§ RECORD EXCERPTS

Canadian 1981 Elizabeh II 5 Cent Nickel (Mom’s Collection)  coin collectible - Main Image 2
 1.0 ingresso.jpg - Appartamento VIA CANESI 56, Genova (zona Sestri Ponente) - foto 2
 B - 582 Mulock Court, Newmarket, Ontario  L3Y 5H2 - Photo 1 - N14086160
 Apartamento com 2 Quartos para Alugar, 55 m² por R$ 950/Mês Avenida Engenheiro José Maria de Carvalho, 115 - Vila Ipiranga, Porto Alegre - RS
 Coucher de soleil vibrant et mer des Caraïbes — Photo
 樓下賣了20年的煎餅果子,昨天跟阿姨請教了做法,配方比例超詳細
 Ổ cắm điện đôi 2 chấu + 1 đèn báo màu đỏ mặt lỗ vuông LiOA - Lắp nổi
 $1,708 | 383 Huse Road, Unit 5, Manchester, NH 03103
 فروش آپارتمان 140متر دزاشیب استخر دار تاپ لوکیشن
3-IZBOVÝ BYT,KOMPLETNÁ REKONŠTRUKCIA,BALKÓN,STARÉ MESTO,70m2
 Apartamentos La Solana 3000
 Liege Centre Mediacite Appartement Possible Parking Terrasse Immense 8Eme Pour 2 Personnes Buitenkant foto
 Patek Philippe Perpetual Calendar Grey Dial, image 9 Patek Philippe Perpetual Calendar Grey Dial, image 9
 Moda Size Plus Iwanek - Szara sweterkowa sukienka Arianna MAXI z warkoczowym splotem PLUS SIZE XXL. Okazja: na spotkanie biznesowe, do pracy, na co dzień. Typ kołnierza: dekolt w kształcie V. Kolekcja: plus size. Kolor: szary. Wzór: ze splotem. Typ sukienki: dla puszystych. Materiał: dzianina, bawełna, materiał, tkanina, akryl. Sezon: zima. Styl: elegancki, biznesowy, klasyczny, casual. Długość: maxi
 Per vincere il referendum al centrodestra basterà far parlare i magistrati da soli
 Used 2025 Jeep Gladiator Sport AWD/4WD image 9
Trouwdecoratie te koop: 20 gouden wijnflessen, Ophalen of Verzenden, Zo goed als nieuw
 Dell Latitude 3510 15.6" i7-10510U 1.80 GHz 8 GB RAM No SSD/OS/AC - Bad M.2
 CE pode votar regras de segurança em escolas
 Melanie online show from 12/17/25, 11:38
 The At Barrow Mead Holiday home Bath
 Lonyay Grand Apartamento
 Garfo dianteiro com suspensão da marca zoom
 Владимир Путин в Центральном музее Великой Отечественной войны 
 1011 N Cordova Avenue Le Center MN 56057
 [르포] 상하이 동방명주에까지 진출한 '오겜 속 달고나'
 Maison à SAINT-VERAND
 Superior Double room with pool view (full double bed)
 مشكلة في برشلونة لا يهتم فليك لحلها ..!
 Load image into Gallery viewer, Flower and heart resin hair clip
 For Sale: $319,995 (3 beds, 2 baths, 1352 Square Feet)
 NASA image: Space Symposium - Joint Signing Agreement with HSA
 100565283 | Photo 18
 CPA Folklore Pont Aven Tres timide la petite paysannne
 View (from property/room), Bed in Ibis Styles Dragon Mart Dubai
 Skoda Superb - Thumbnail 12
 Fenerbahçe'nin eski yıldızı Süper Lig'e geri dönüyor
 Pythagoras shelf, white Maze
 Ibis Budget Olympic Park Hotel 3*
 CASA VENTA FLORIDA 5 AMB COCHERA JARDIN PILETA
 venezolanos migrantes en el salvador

§ ABOUT THIS EXERCISE
Show a copy of each line from the data that includes the word "with".

§ WORKED SOLUTION
 Superior Double room with pool view (full double bed)
 NASA image: Space Symposium - Joint Signing Agreement with HSA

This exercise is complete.